Le 22 mars 2016, jour funeste des attentats de Bruxelles, la seconde fille de Sophie Pirson est grièvement blessée dans le métro de Maelbeek. Sidération.
Depuis ce séisme qui a ébranlé la vie de sa fille et de leur famille, Sophie Pirson a décidé de rejoindre un groupe de paroles créé à Bruxelles, où se retrouvent des survivants et des proches ainsi que des parents de jeunes gens radicalisés.
De cette expérience naîtra un livre, Couvrez-les bien, il fait froid dehors, dans lequel Sophie Pirson mêle sa voix à celle de Fatima Ezzarhouni, mère d’un jeune homme aujourd’hui décédé en Syrie. Toutes deux jeunes grand-mères, elles décident de réfléchir à la transmission. Que souhaitent-elles transmettre à leurs petits-enfants de notre monde déchiré?
Sophie Pirson entame alors un travail d’écriture pour dire au plus près leur amitié, leurs échanges, leurs doutes. La terreur qui les habite, autant que la joie qui peut surgir d’un échange, d’un repas partagé.

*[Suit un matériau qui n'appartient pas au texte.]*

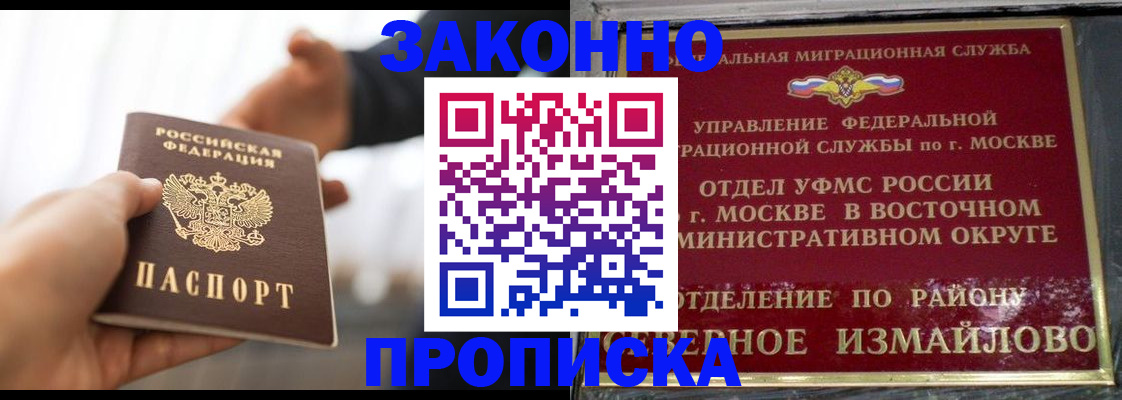 прописка иностранных граждан в Краснослободске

Ce livre émouvant et lumineux sera suivi de très nombreuses interventions des deux amies dans des écoles, des institutions ou d’autres groupes de paroles. Sophie Pirson se confronte alors à un questionnement philosophique incessant: qu’y a-t-il entre la haine (qu’elle ne ressent jamais) et le pardon (qui lui semble très éloigné)? Que mettre dans cet espace caché dans les plis de la langue?
Quelques mois plus tard s’ouvre le procès historique des attentats. Sophie Pirson décide de s’y rendre chaque jeudi, avec l’idée d’approcher une forme de réponse à son questionnement, prendre à bras le corps le sujet du pardon à travers ce projet d’écriture. Car c’est un carnet et un crayon à la main que Sophie Pirson franchit les portes de "Justitia", ce méga-palais de Justice, dont le nom sonne comme [celui] d’une île gagnée par des pirates.
Débute alors un passionnant journal de bord, à la fois très intime et qui invite au recul, à la réflexion. Sophie Pirson observe les moindres détails des rouages de cette grande machine judiciaire, incarnée par les magistrats, les jurés, les accusés, la police, les avocats et journalistes.
Elle noue des liens forts avec celles et ceux qui, pendant des mois, assistent à ce procès hors-normes. Des survivantes et survivants, des proches, des plus lointains, des observateurs. Des femmes et des hommes qui, de mois en mois, devront faire la rude expérience de cette traversée au long cours, faite de doutes, de colères, de jours sombres et d’espoir. Dans les couloirs, le réfectoire, tous les "à-côtés", elle traque sans relâche les regards, les larmes, les mains noueuses. Elle accueille la parole sur le vif, celle qui surgit au sortir d’une journée d’audience, celle qui se fraye un chemin au milieu de toutes les émotions contradictoires.
Jour après jours, mois après mois, il me faudra être attentive aux bruissements de paroles urgentes, aux mots échangés à bas bruit, mais aussi tendre l’oreille au silence pour écouter ce qui ne se dit pas.
Sophie Pirson trouve une place dans ce grand tout et va entrevoir, ici et là, des éléments qui viendront se glisser dans cet espace entre la haine et le pardon. Son écriture du réel nous embarque à ses côtés, de ses périples en bus pour rejoindre cette "île" à la chaise qu’elle occupe dans un couloir ou la salle d’audience. Elle partage avec nous le chemin sinueux de celles et ceux qui doivent continuer à vivre après leur traversée des ténèbres.